Our business structures, skills and organisation have not yet adapted to this new world. I can see the need for convergence of skills and activities to enable businesses to take advantage of the digital revolution. Thus I’m starting to see the need for a convergence of many roles and functions. We need to start thinking about how to totally remap the organisation to integrate digital functions effectively.

For example, in the areas of marketing and communications the boundaries start to blur already. The real task of these areas is to communicate with people, either inside our outside of the organisation. And, increasingly, their role is to converse and collaborate with their stakeholders. These functions are merging towards creation of collaborative communities as the audience morphs into participants rather than passive recipients.

The kinds of ideas that need to inform our thinking about how to reshape our organisations for the digital revolution include:

  • Networks: both human and technology networks are key, working out how to enable each of these inside and outside of the organisation is critical.
  • Amplification: understanding how these new human and technology networks amplify messages is imperative; defining cultural practices that embrace this idea is important.
  • Connected: determining how to manage people and business in an age where everything is connected – both people and things – as is how to use this power for business and social good.
  • Personal: the blurring of the boundaries between business and personal or between private and public is already occurring. We need to develop cultural and organisational practices that understand and enable us to manage this blurring of boundaries.
  • Social: human beings are social animals.  The Taylorist world view that has coloured much management thinking in the twentieth century needs to change and reflect this truth.  Humans are not interchangeable widgets and we are not machines.  It is time business leaders and structures change to reflect the social nature of human and business interactions.

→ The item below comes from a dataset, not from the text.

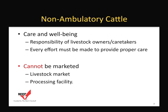Care and well-being is a responsibility of livestock owners and caretakers, who must make every effort to provide proper care, treatment, and an environment that is conducive for the animal to thrive. These animals cannot be sent to a local market or to a processing facility if they are non-ambulatory.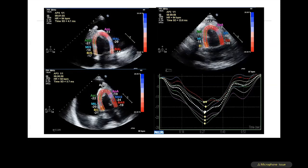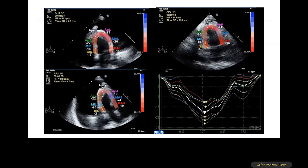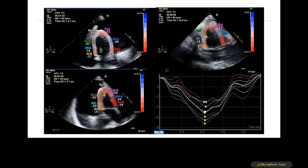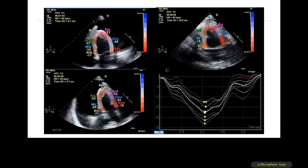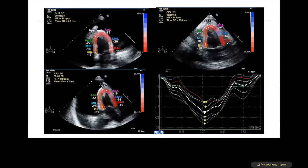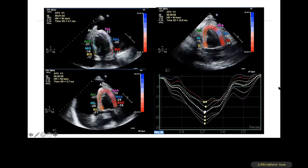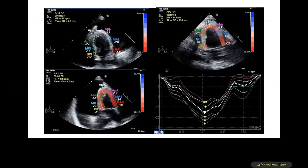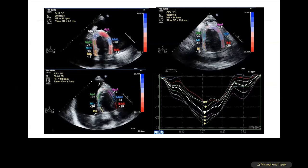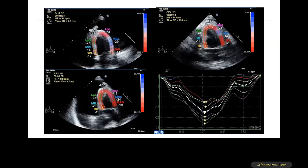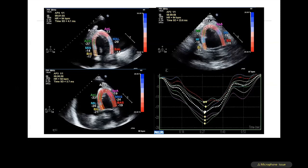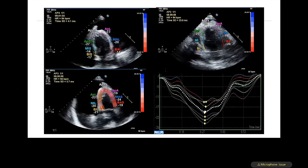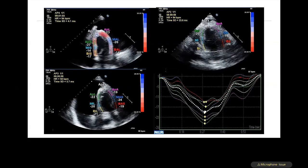Speckle tracking echocardiography showed preserved longitudinal deformation of the LV — a global longitudinal strain of approximately -17%, very close to -20%. The longitudinal strain being near normal in this heart failure patient indicates the myocardium is able to contract longitudinally, maintaining stroke volume, and helps eliminate myocardial disease as a cause of heart failure, consistent with constrictive pericarditis.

We need to find ways to move away from hierarchy and silos. We need to find ways to move towards meshes and webs of relationships.  These are more like the way human beings relate in nature anyway.  The entire bureaucratic venture has been an unnatural way of being for humans. Humans need to find a way to make business more human and less machine like.

It seems that social computing and hardware convergence could be the catalyst for us to change our ways of running businesses so that they better meet human needs and map to human social needs, while continuing to make profits.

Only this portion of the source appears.